DATASET EXTRACT:

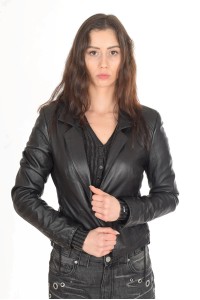 Geacă elegantă neagră din piele naturală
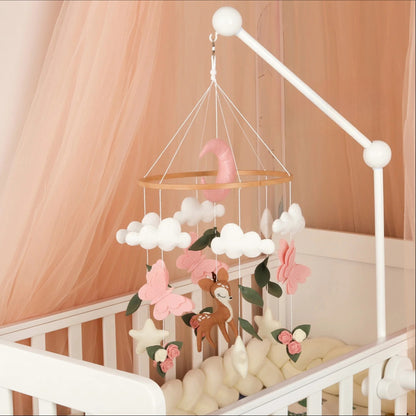 Mobile bebe stimule les gestes d'apprentissage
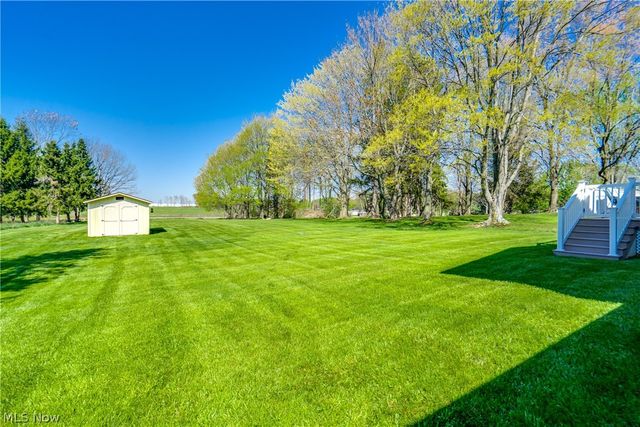 5029 Broadway Avenue NE, Louisville, OH 44641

INSTRUCTIONS FOR THE TASK:
Copy out the whole listing word for word, except for any picture it includes.

WRITTEN ANSWER:
 Geacă elegantă neagră din piele naturală
 Mobile bebe stimule les gestes d'apprentissage
 5029 Broadway Avenue NE, Louisville, OH 44641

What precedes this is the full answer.